Dengan gaya bahasa diplomatis, Bung Komar mengatakan, setelah merdeka lebih dari 67 tahun hingga 2012 itu, apa yang sulit didapatkan adalah pemimpin merakyat.
Baca juga: Sosok Frits Ramandey, Ungkap Dugaan Penyiksaan 7 Anak SD oleh TNI di Papua: Makilon Meninggal
"Gagasan besar telah banyak, pemikir besar dan capaian besar juga tidak kurang, tetapi kita kurang pemimpin yang bekerja untuk rakyat. Pada titik itulah kita akan memulai proses politik kontemporer kita," ujarnya, kala itu.
Firasat politisi PDIP asal Indonesia Timur ini menjadi nyata.
Simbol pemimpin rakyat yang sebelumnya didukung Bung Komar untuk menjadi gubernur DKI, kemudian melaju ke kursi Presiden.
PDIP yang punya jargon partai wong cilik, konsisten mendukung Jokowi bahkan hingga kini ketika Jokowi maju kembali untuk menjadi capres pada pemilu 2019.
Lagi-lagi publik akan ingat peran Bung Komar di balik popularitas dan dukungan politik pada Jokowi itu.
Bagaimana pun, posisi Bung Komar selaku Ketua Bidang Kehormatan PDIP tentulah sangat berpengaruh terhadap tiap putusan politik yang diambil partai besar berlambang banteng moncong putih itu.
Bahkan, sebagian pengamat tak segan-segan menyebutnya “Orang Kedua” terkuat di PDIP setelah Megawati Soekarno Putri.
Tokoh asal Papua ini diketahui merupakan satu-satunya figur di PDIP yang berani mengkritik Megawati.
Dalam pidato pengangkatan pengurus pada 2015, misalnya, Megawati sendiri pernah bercanda kalau ia baru saja ‘dimarahi’ oleh anak Papua.
"Anak itu, punya dedikasi politik yang bagus kepada partai, disiplin tapi spontan, punya ideologi yang kukuh, dan yang terpenting sangat rendah hati," kata Megawati, memuji sosok Bung Komar.
Banyak pengamatan dan kalangan melihat kejelian Megawati menempatkan posisi Si Bung sebagai Ketua Bapilu dan Bidang Kehormatan PDIP.
Baca juga: Kisah Brigjen TNI Iwan Setiawan, Diperintah Prabowo Taklukkan Puncak Everest: Saya Hampir Mati
Bung Komar bukan hanya ‘keras’ ke luar, tetapi lantang mengkritik internal partai bila menurutnya melenceng dari ideologi Pancasila yang berbineka, atau kebijakan yang tak memihak rakyat kecil.

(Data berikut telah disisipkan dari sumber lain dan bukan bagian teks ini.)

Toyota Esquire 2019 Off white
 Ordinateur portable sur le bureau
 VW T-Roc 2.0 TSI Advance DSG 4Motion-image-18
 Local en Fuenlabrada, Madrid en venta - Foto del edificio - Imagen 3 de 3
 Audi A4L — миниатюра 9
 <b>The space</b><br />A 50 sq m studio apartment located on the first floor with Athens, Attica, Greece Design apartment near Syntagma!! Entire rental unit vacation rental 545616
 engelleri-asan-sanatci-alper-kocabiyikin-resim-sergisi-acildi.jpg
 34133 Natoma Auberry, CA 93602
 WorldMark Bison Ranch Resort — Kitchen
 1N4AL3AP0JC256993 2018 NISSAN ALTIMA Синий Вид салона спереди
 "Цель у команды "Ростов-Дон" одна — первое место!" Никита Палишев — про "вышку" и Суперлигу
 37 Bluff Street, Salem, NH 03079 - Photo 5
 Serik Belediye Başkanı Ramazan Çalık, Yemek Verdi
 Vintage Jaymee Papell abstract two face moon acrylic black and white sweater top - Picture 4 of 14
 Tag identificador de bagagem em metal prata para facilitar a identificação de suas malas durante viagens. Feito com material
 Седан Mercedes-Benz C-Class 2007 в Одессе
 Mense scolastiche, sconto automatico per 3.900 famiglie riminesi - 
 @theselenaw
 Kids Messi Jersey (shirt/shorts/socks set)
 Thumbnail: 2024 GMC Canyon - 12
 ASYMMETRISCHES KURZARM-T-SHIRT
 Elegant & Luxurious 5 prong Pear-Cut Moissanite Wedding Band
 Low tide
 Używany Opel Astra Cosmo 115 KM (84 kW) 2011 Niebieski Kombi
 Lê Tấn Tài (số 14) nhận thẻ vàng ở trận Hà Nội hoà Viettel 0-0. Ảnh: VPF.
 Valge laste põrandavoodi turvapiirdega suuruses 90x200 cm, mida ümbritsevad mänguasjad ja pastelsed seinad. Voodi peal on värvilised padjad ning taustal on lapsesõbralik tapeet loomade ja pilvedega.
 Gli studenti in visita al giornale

Pada 2014 lalu, misalnya, santer di media massa, ia mengingatkan partainya agar tak dihancurkan oleh pandangan subyektif orang-orang dekat Megawati sendiri yang menyulitkan posisi Ketum PDIP itu dalam menentukan skenario pemenangan Pemilu.
Terhadap kader PDIP yang menjadi anggota legislatif, Bung Komar juga tak lelah-lelah mengingatkan agar punya komitmen dan moral yang kuat.
“Perjuangan tak ada batasnya untuk kepentingan rakyat. Jangan masuk PDIP kalau hanya sekadar menjadi anggota DPR (dewan) dan jika tak terpilih, pindah ke partai lain,” tegasnya.
Tentu bukan semata sikap tegas dan kerasnya itu yang layak diapresiasi.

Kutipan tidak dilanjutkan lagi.